§ **RECORDS SHOWN**:
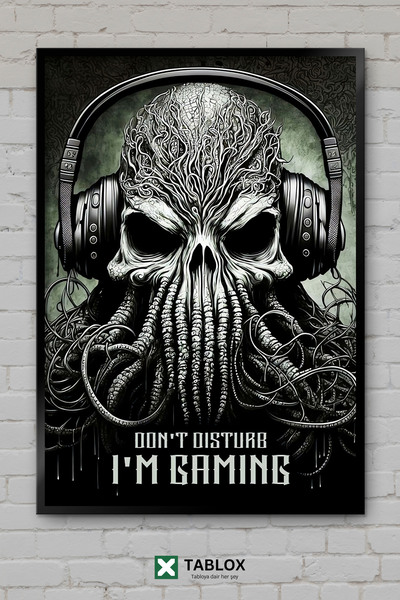 tablomaxtbx Cthulhu Gamer Lovecraft Φανταστική αφίσα τρόμου με κορνίζα Διακοσ...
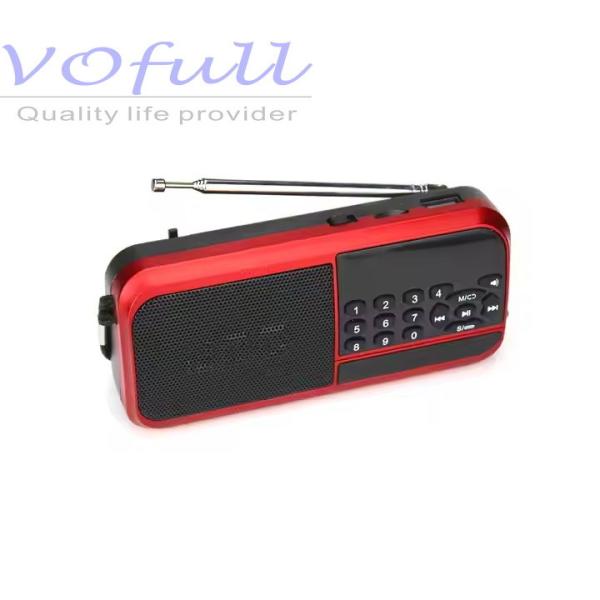 Portable AM/FM Rechargeable Radio with Speaker Coffee/Wooden Design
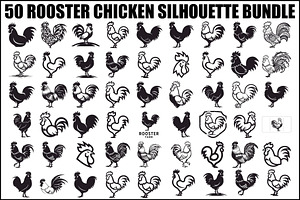 Rooster Chicken Silhouette Bundle, an Illustration by Designs_River
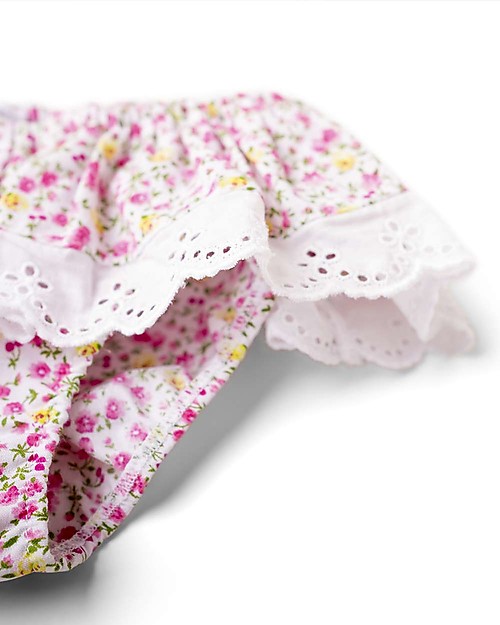 Mia Bu Milano Costume Bimba con Balza in Pizzo Sangallo, Fiorellini - In confezione regalo, con fiaba inclusa! Boxer Mare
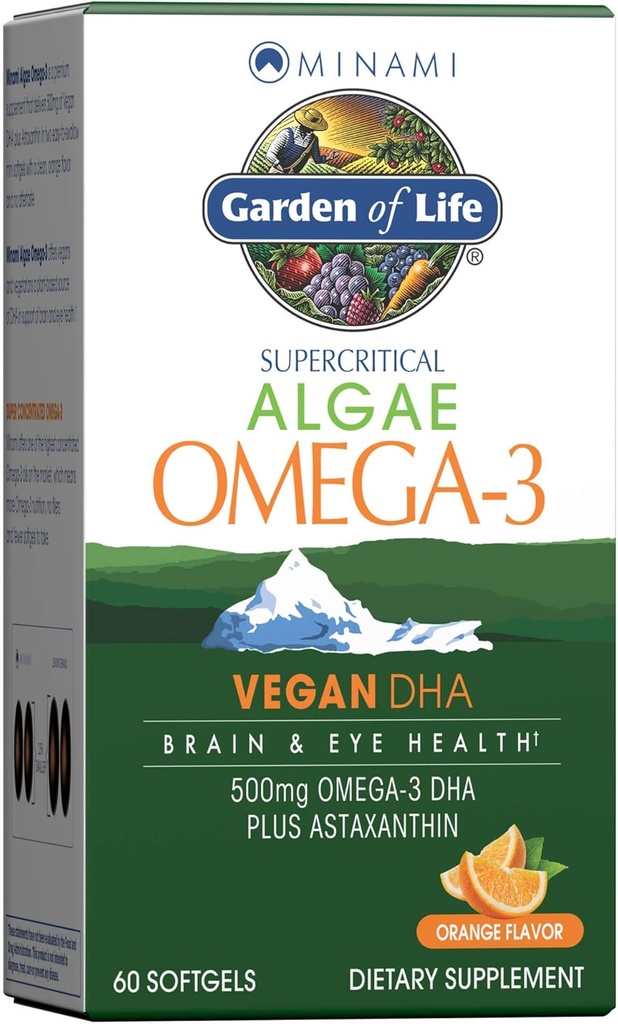 Κήπος της ζωής Minami Algae Omega 3 Vegan DHA για τον εγκέφαλο και την υγεία των ματιών - Πορτοκαλί Γεύση, 500mg φυτό με βάση DHA Omega-3 Vegan Algae Oil Plus Ασταξανθίνη, καμία επίγευση, 60 Easy-to-Swallow Mini Softgels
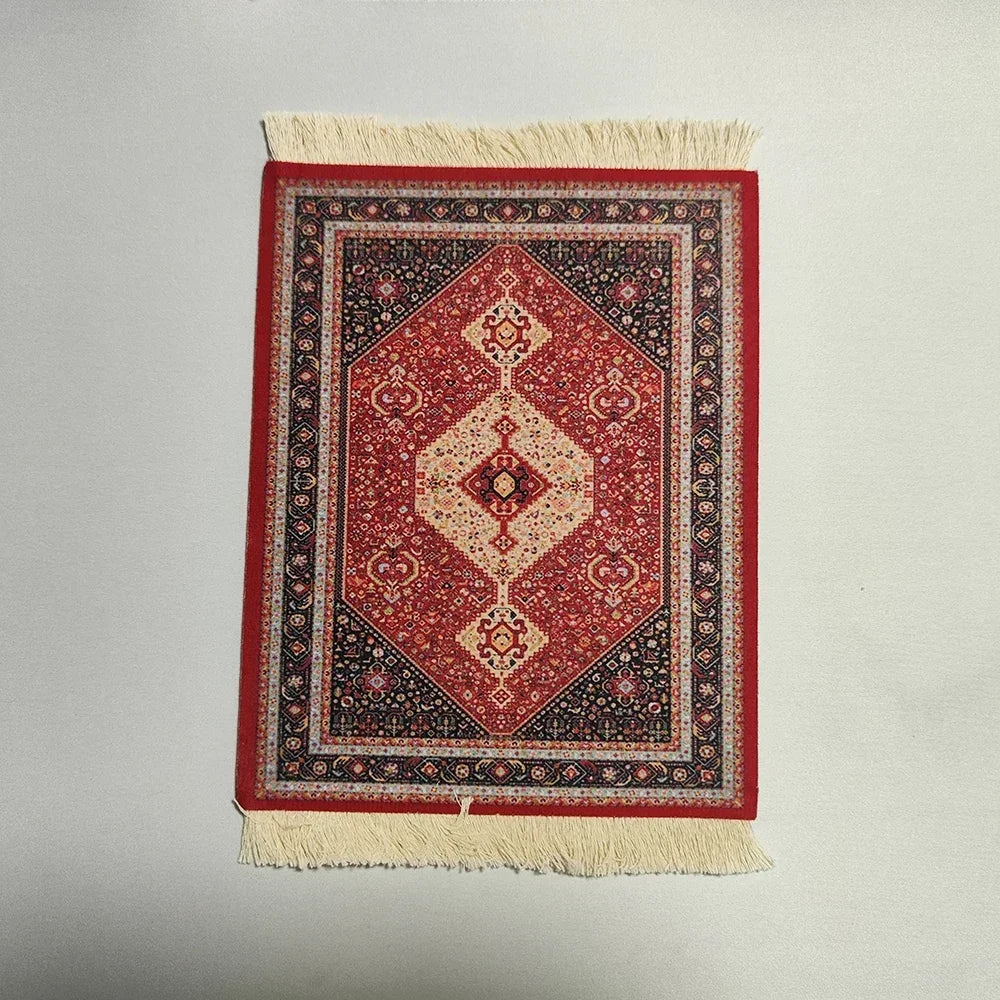 Woven Persian Flower Mouse Pad 9.1 x 7.1 in (23 x 18 cm) Non-Slip Rubber Desk Mat with Fringe — Retro Style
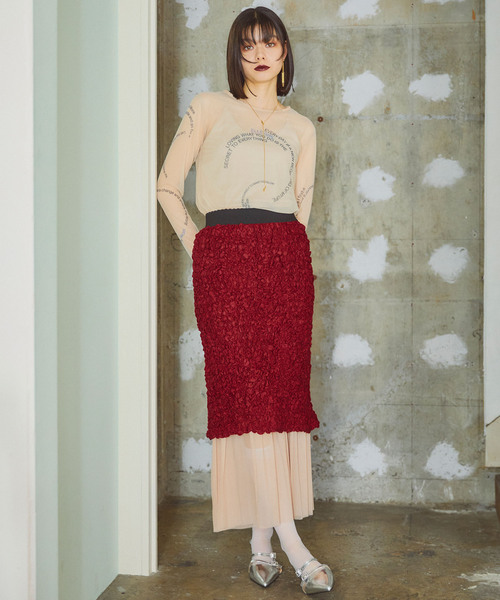 ELLEgirl（エルガール）の「チュールレイヤードシャーリングスカート【ELLEgirl/エル ガール】（スカート・レディース・ブラック/アイボリー/レッド・FREE）」の10枚目の写真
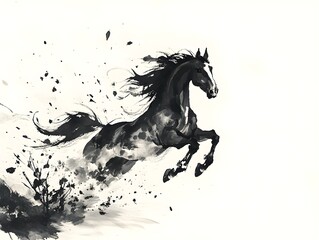 Leaping Horse in Ink Wash Style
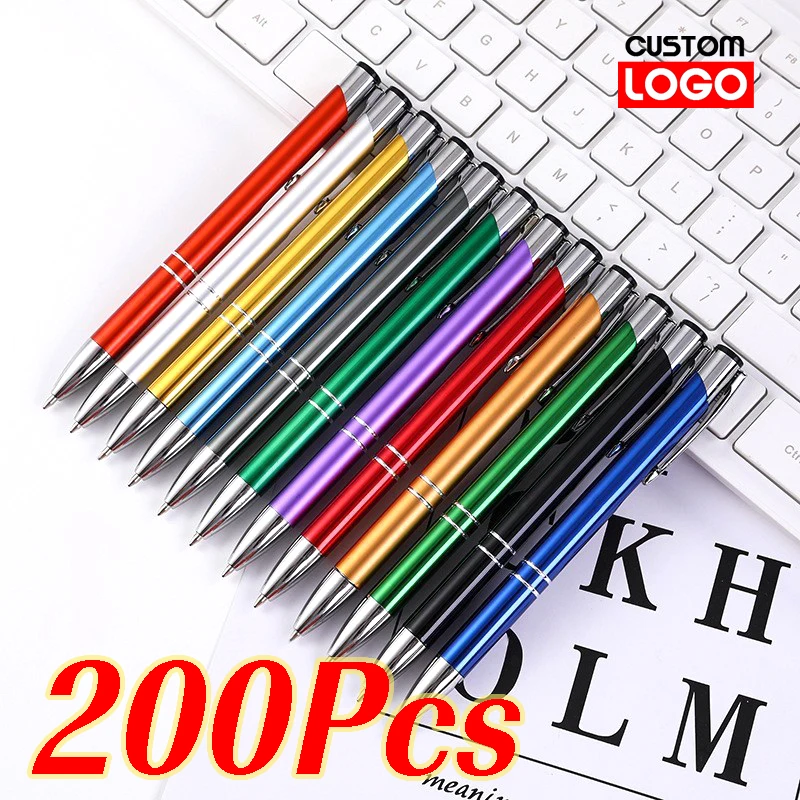 

200 шт. персонализированная шариковая ручка, рекламная рекламная ручка, индивидуальный логотип, подарок, индивидуальный ваш текст, металлические шариковые ручки
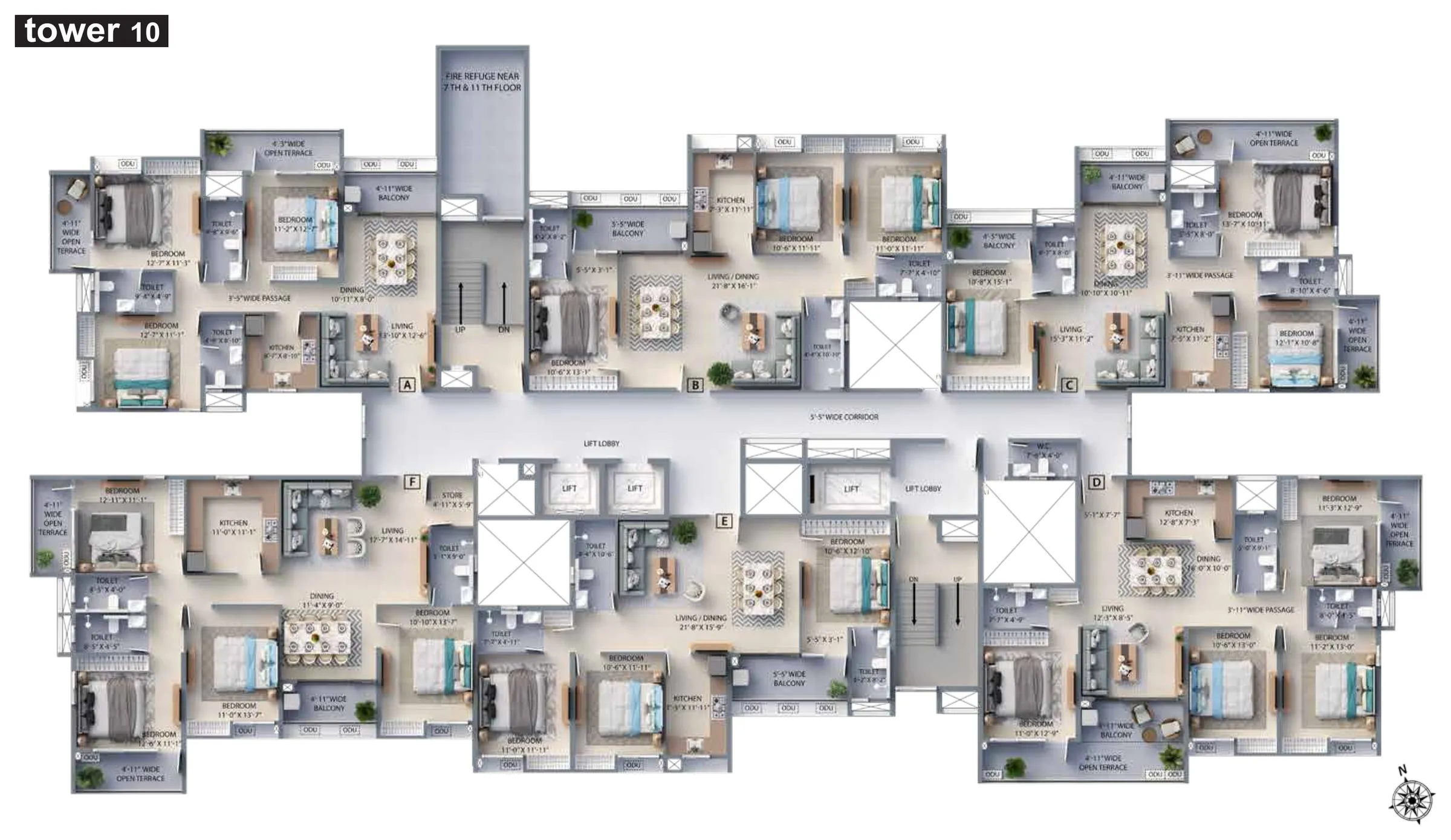 Tower 10 typical floor plan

§ **TASK ITEM**:
The listing should be transcribed exactly. No picture is to appear in the transcription.

§ **EXERCISE ANSWER**:
 tablomaxtbx Cthulhu Gamer Lovecraft Φανταστική αφίσα τρόμου με κορνίζα Διακοσ...
 Portable AM/FM Rechargeable Radio with Speaker Coffee/Wooden Design
 Rooster Chicken Silhouette Bundle, an Illustration by Designs_River
 Mia Bu Milano Costume Bimba con Balza in Pizzo Sangallo, Fiorellini - In confezione regalo, con fiaba inclusa! Boxer Mare
 Κήπος της ζωής Minami Algae Omega 3 Vegan DHA για τον εγκέφαλο και την υγεία των ματιών - Πορτοκαλί Γεύση, 500mg φυτό με βάση DHA Omega-3 Vegan Algae Oil Plus Ασταξανθίνη, καμία επίγευση, 60 Easy-to-Swallow Mini Softgels
 Woven Persian Flower Mouse Pad 9.1 x 7.1 in (23 x 18 cm) Non-Slip Rubber Desk Mat with Fringe — Retro Style
 ELLEgirl（エルガール）の「チュールレイヤードシャーリングスカート【ELLEgirl/エル ガール】（スカート・レディース・ブラック/アイボリー/レッド・FREE）」の10枚目の写真
 Leaping Horse in Ink Wash Style

200 шт. персонализированная шариковая ручка, рекламная рекламная ручка, индивидуальный логотип, подарок, индивидуальный ваш текст, металлические шариковые ручки
 Tower 10 typical floor plan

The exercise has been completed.